//« La poésie est parce que l’homme n’est pas Dieu et c’est ce que l’homme/supporte le moins. »// Il y a vingt-sept ans, Tomaz Salamun pensait ainsi la poésie. Celle qui rend l’homme l’égal de Dieu... Raccourci sensuel entre ciel et terre, semé de ses propres figures tutélaires.
Naître en 1941 à l’embouchure de deux mondes, grandir à la frontière de plusieurs langues, quelque part entre Trieste et Istrie, à Koper, vivre, enfin, toutes les aventures de cette « Europe centrale, lieux terribles, sentimentaux/catastrophe totale » ... Etre Tomaz Salamun. Peintre conceptuel, historien de l’art en Yougoslavie quand la Slovénie en faisait partie, universitaire en mission à Iowa City : est-il influencé par cette école des poètes de New York, la « poétique du langage » ? : traducteur, enseignant dans une école de campagne et vendeur dans son pays, attaché culturel de l’ambassade slovène à New York...
Dans sa préface étonnante à ce livre, Jacques Roubaud raconte Tomaz Salamun dans 101 vers. Chacun commence par le nom du poète et reprend un syntagme, un fragment de sens de plusieurs poèmes. Un retour éternel du poème sur lui-même : il est ce qu’il est.

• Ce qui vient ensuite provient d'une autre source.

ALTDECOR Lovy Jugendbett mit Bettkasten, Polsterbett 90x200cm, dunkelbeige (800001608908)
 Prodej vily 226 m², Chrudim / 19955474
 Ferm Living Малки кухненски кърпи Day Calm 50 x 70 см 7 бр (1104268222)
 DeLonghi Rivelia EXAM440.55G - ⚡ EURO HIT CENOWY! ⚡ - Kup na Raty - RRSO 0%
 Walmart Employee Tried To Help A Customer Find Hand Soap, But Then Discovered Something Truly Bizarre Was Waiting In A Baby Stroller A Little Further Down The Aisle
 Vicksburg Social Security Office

Tomaz Salamun intègre ce sens secret d’un monde poétique sans limites, sensuel et cérébral, naïf et érudit, abscons et explicite, quotidien et céleste, naturel et artificiel. Traversé par toute la culture de l’humanité : les petits pays ont cet avantage-là : et libre en même temps. On le suit dans ses topographies fumantes, « loin de la forêt, sur les épicéas, des rubans colorés./Les épicéas sont enneigés, mais aucune luge » ; on s’accroche à ses règnes animaux fabuleux, à ses végétaux
obsessionnels, à ses itinéraires mystérieux, « Tomaz Salamun est un monstre./Tomaz Salamun est un boulet roulant dans les airs. Personne ne connaît son orbite » ...

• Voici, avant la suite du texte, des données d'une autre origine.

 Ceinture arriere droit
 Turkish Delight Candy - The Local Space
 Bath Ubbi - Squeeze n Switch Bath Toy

« Je donne des coups de tête aux anges,/ en pleine bouche, et je les tue et je les enfante, car j’écris. » Il reste insaisissable, car la parole lui appartient et il joue avec, ivre de ses rythmes, il se descend, il se tue, il nous regarde de la hauteur de sa tâche de Poète, de son « temps vertical » . Révolté contre sa « tribu » qui a oublié le goût de la liberté, mais amoureux perpétuel, Tomaz Salamun a le don du partage. Sa parole, qui est son corps, sa vie, il nous l’offre dans un acte de grâce, de générosité qui fait l’âme de ce livre : « J’espère tenir le coup,/ pouvoir éternellement rendre tout cet amour. »
Tomaz Salamun , Poèmes choisis , présentation par Robert Hass, préface de Jacques Roubaud, traduits du slovène par Mireille Robin et Zdenka Stimac, avec l’auteur.